Jennifer Lawrence Recalls Conversation About Losing Weight Ahead of 'Hunger Games'

She said the biggest question executives had for her was her ability to lose weight.

Academy Award winner Jennifer Lawrence has starred in plenty of big films throughout her acting career, but her breakout role as Katniss Everdeen in The Hunger Games trilogy changed everything.

Looking back on it now, Lawrence recalled that "the biggest conversation" for executives and people working on the film before production was about her weight.

Speaking with Viola Davis for Variety's "Actors on Actors" series, Lawrence said, "There were so many different opinions on what is this, basically this action figure for children, gonna look like. I remember the biggest conversation, of course, this was pre-#MeToo, and I'm a woman, so, it was weight, and you know, 'How much are you gonna lose?'"

She went on, "Along with me being young and growing and not able to be on a diet, because, you know, who wants to be on a diet?
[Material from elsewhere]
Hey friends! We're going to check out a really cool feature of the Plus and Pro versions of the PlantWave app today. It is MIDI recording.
It was also like, I don't know if I want all of the girls who are gonna dress up as Katniss to feel like they can't because they are not a certain weight. I can't let that seep into my brain either."
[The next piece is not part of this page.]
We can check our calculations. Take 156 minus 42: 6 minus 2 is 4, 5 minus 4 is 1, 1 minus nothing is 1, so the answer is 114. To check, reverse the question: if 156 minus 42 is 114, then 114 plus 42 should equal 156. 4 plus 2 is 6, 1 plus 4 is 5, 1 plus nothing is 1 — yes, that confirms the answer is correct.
Katniss quickly became a significant role model for people everywhere, and the franchise was so successful that a prequel film, The Hunger Games: The Ballad of Songbirds and Snakes, is set to come out in theaters on Nov. 17, 2023, starring Rachel Zegler, Tom Blyth, Hunter Schafer, and more, including Davis, who will portray the character Dr. Volumnia Gaul. 
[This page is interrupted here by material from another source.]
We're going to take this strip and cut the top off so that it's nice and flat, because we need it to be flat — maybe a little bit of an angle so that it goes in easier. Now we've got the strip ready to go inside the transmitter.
Throughout their conversation, Lawrence and Davis also talked about Davis' recent starring role in the film The Woman King.

Lawrence, having starred as the lead in an action film at a time when many didn't believe women could successfully lead these types of movies, said: "We were told girls and boys can both identify with a male lead, but boys cannot identify with a female lead, and it just makes me so happy every single time I see a movie come out that just blows through every single one of those beliefs and proves that it is just a lie to keep certain people out of the movies, to keep certain people in the same positions that they've always been in."

"It's just amazing to watch it happen," she concluded.